Now, for example, in the treatment of dialogs. We are interested, I think, all of us, and our chief concern with this bill is with section 4 and its efficacy and workableness of that section.

Mr. AMECHE. Yes.

Mr. PATRICK. That is what I want to ask you about at this point, as an actor. I think we are all anxious to have an actor here to ask these questions.

Mr. AMECHE. All right.

Mr. PATRICK. Now, in the treatment of dialogs, say, regarding crime. Of course, you realize that I am a novice, no actor at all, but how, under the requirements of this bill-in stating that the synopsis shall convey to the purchaser, the exhibitor of the picture, from the salesman of the producer of the motion-picture company; if the salesman should take the dialog or whatever is required under this bill we are talking about, or this treatment of the dialog say in a crime, how could that synopsis convey to the prospective purchaser of the picture the meaning of these words in a dialog, for instance, where one man will say to another, perhaps:

"You wouldn't shoot the old man, would you?"

And he says, "No; I won't shoot the old man," or (changing emphasis):

"You wouldn't shoot the old man, would you?"

"No; I won't shoot the old man.'

I may have gotten enough in there for an actor to realize what I am trying to convey.

Now, my attempt has been to make those two lines, repeated verbatim in the first dialog and in the second, indicate a different meaning. How would that be treated in a synopsis? Do you get any difference between the first and the second, even as I said them?

Mr. AMECHE. Yes; there is a great difference.

Mr. PATRICK. I will ask you if the second reading does not convey an entirely different meaning from the first, or would if I had gotten the right emphasis on the words.

Mr. AMECHE. Well, it would have an entirely different meaning; different interpretation by the actor.

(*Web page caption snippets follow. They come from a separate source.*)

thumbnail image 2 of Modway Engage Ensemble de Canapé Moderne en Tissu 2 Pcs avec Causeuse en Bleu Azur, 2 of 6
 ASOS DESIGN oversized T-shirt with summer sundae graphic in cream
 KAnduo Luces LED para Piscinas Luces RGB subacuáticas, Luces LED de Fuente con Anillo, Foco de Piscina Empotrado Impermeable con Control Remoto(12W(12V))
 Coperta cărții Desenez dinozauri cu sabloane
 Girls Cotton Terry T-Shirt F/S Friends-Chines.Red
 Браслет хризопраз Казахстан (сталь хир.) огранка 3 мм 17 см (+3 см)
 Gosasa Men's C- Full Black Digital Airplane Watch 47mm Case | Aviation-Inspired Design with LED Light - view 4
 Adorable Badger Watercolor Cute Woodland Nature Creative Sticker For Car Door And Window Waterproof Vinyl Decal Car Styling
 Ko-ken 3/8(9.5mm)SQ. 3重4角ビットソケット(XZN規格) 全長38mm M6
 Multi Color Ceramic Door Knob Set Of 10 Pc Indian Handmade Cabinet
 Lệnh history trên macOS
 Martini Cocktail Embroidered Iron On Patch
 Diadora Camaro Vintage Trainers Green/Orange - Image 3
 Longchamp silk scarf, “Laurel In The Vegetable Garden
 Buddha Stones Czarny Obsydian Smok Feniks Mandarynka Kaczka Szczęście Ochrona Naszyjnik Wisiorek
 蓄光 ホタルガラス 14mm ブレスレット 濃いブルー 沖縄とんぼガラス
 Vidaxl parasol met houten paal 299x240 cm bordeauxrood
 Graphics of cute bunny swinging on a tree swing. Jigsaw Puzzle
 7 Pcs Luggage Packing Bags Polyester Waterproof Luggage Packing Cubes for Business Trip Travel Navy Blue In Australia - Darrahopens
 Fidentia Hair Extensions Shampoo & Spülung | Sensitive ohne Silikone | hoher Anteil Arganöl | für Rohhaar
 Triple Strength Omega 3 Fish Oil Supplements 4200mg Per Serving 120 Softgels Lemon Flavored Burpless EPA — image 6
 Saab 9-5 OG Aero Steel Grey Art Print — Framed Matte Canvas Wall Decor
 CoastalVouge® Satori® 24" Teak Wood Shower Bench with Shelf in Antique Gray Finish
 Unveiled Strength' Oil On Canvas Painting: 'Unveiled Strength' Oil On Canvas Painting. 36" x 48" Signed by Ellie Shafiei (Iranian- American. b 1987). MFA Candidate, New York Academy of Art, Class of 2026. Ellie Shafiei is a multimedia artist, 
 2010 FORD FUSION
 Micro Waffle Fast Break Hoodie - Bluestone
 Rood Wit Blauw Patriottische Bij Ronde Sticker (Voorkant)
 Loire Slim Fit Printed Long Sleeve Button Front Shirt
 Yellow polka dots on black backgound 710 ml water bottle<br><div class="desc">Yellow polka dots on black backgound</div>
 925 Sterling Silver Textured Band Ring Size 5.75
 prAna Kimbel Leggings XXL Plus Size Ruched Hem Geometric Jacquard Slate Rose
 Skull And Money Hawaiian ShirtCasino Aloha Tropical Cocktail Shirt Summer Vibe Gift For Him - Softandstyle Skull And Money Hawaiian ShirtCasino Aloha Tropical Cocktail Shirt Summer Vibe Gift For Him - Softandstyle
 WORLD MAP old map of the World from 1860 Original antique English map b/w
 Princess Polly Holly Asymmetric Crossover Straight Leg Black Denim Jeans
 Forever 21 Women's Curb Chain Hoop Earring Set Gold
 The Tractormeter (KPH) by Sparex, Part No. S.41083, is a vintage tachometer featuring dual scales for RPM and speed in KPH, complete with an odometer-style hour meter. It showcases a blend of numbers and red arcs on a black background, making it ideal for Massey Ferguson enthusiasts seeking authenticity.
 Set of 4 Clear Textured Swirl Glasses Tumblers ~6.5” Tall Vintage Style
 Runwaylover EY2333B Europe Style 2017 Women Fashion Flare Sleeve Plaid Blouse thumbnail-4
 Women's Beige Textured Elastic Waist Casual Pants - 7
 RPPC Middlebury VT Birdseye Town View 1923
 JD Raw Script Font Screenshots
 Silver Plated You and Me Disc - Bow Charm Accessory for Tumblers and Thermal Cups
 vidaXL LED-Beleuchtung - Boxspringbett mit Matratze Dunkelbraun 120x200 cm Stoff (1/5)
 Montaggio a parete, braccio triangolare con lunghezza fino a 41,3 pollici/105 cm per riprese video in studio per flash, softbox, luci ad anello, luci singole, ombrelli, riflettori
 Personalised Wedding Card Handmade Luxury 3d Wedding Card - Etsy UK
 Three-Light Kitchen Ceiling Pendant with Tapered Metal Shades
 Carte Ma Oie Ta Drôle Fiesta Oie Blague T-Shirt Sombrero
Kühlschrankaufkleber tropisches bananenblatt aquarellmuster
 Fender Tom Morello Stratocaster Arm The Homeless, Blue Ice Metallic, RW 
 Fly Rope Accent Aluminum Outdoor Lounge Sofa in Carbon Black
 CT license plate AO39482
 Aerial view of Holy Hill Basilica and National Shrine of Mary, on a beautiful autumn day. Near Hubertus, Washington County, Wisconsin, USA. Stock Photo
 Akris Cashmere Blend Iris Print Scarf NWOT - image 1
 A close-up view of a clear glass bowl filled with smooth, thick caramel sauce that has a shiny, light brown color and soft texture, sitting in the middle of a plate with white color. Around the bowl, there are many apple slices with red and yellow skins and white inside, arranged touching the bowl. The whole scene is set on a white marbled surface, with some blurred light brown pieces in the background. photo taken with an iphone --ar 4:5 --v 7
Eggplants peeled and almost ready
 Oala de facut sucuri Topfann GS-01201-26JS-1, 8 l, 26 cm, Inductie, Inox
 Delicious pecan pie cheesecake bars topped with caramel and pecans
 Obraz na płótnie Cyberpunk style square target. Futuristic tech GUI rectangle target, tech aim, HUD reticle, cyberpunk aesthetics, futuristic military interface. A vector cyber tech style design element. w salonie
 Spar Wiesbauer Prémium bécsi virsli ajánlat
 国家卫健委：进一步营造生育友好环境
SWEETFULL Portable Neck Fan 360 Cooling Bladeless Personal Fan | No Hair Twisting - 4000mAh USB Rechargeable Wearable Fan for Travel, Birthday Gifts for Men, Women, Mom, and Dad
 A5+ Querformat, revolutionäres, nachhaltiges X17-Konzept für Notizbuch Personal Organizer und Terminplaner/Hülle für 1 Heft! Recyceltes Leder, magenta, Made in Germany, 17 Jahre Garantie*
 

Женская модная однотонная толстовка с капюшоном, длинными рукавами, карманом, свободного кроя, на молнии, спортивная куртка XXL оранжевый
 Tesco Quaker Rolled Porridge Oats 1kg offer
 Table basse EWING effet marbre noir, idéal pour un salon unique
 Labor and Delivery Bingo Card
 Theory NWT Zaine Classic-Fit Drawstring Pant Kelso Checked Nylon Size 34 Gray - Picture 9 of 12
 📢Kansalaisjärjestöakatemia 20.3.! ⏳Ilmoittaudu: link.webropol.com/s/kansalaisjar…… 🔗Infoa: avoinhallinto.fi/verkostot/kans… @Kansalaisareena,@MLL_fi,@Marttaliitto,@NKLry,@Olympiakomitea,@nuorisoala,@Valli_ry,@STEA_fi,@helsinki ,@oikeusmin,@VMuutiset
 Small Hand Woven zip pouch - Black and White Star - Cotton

Mr. PATRICK. Yes. Well, now, as an actor, will you be kind enough to take those same lines and make the old man be perfectly safe in the first instance, and ready for destruction in the second. [Laughter.] Mr. AMECHE. Well, I do not know-if I could do so well.

Mr. BULWINKLE. Would it not be better to let the gentleman continue with his testimony?

Mr. PATRICK. I think you know what I have in mind. How can it be so treated in the synopsis that it will convey to the purchaser, by the synopsis, what the treatment is going to be?